━━━ RECORDS SHOWN ━━━
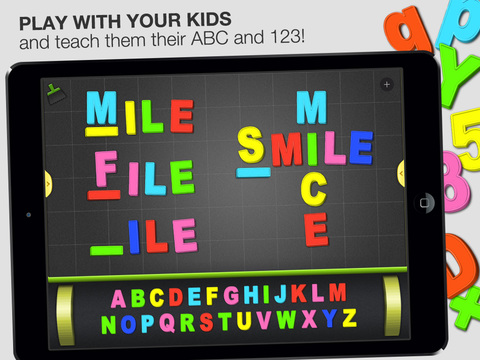ABC - Magnetic Alphabet Lite for Kids - Learn to write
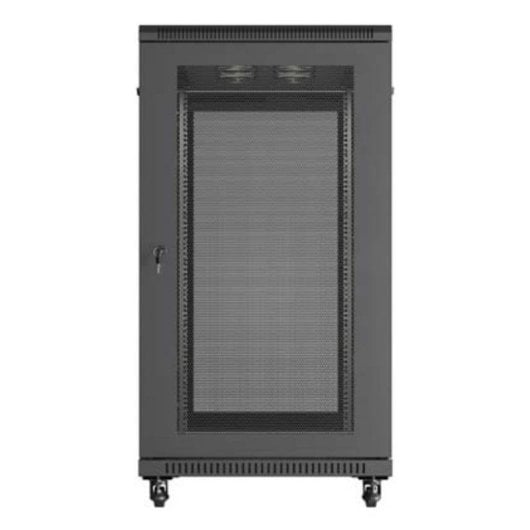 Armário Rack Lanberg FF01-6222-23B 22U 800 kg com ventilação ativa e rodas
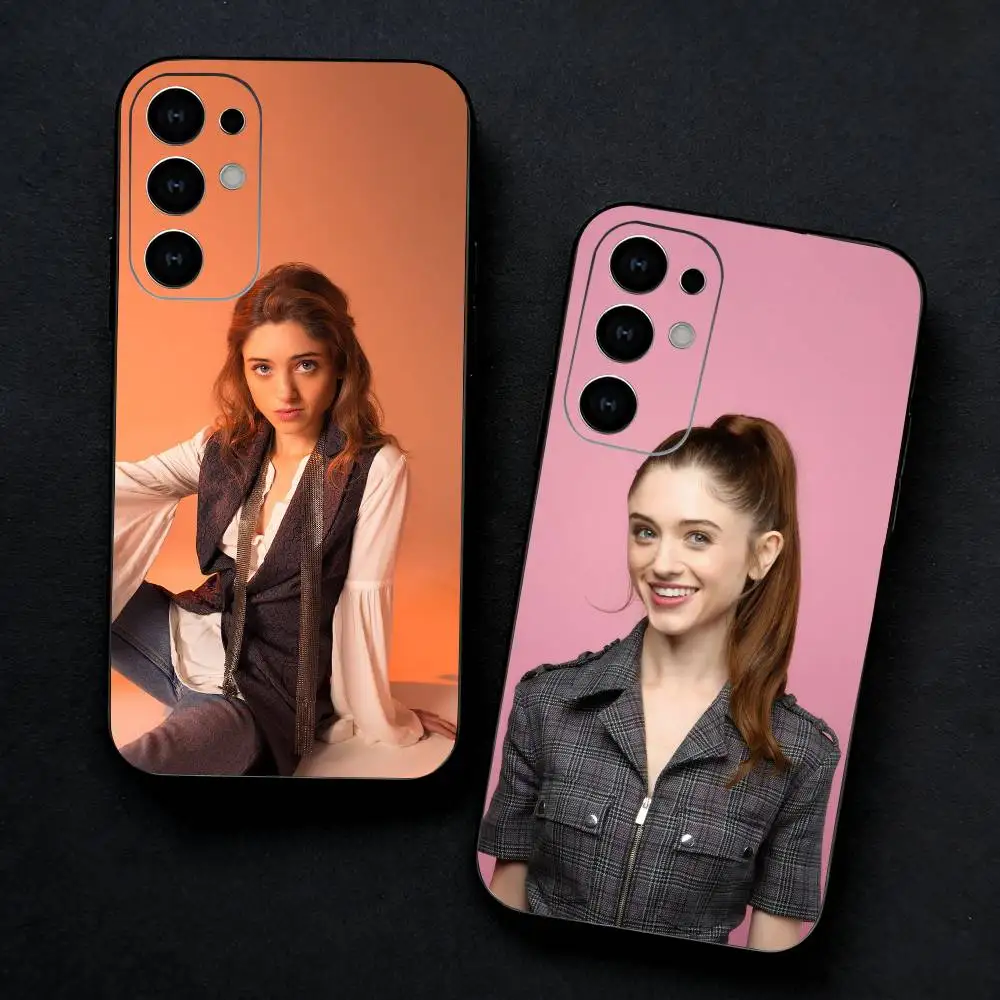 

Natalia D-Dyer Phone Case For Samsung S25,S24,S23,S22,S21,S20,Ultra,Plus,FE Black Soft Cover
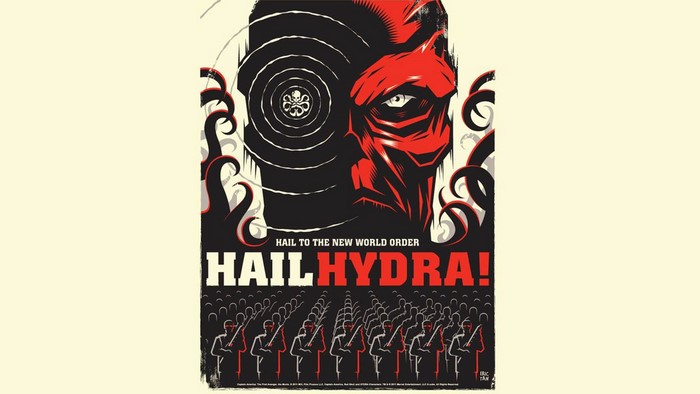 Hail Hydra Poster with Red Skull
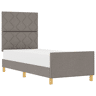 Estrutura de cama de solteiro Design, Cinzento-acastanhado 80 x 200 cm tecido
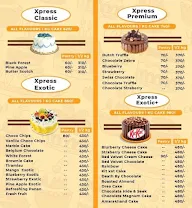 Cake Xpress menu 1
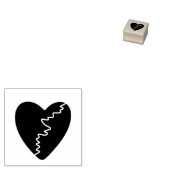 Tampons Encreurs Mini timbre caoutchouc coeur brisé (Tamponné)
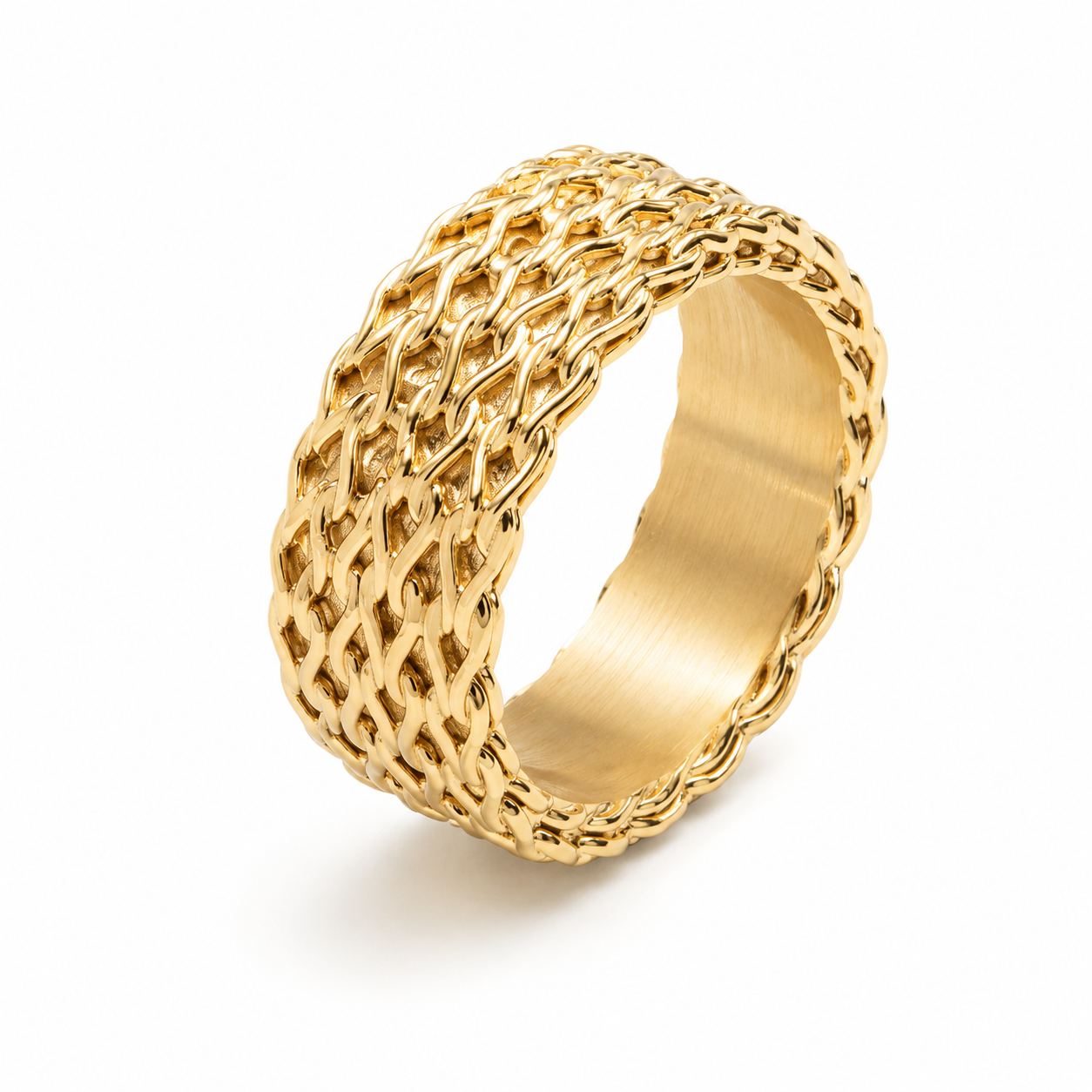 Woven Chain Ring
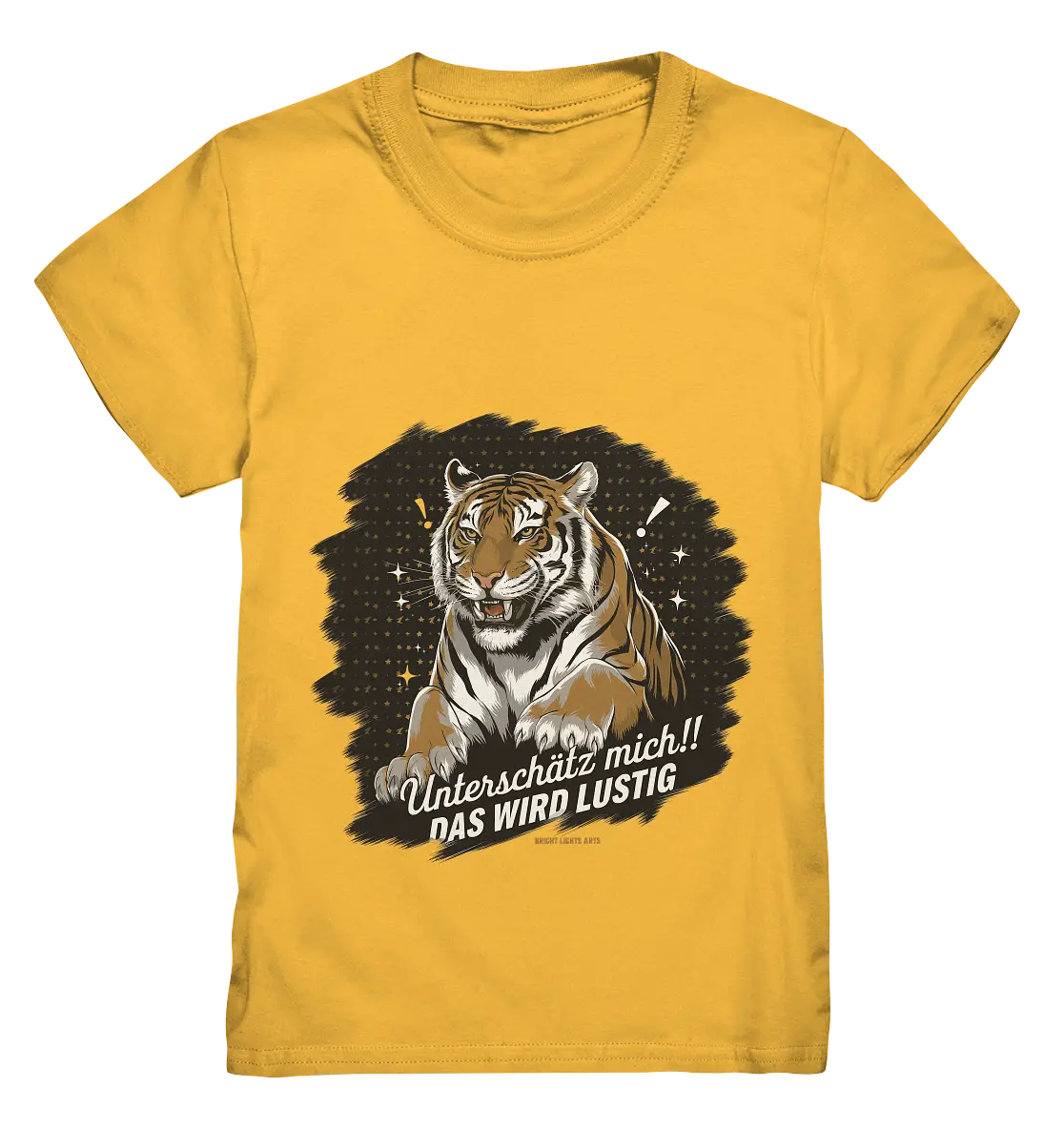 Unterschätz mich! Das wird lustig - Tiger Power - Kids Premium Shirt Bright Lights Arts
━━━
=== WHAT YOU HAVE TO DO ===
Quote the records above exactly, from the first line through the line containing "Hail Hydra Poster with Red Skull", and leave out the pictures.

=== EXPECTED OUTPUT ===
ABC - Magnetic Alphabet Lite for Kids - Learn to write
 Armário Rack Lanberg FF01-6222-23B 22U 800 kg com ventilação ativa e rodas

Natalia D-Dyer Phone Case For Samsung S25,S24,S23,S22,S21,S20,Ultra,Plus,FE Black Soft Cover
 Hail Hydra Poster with Red Skull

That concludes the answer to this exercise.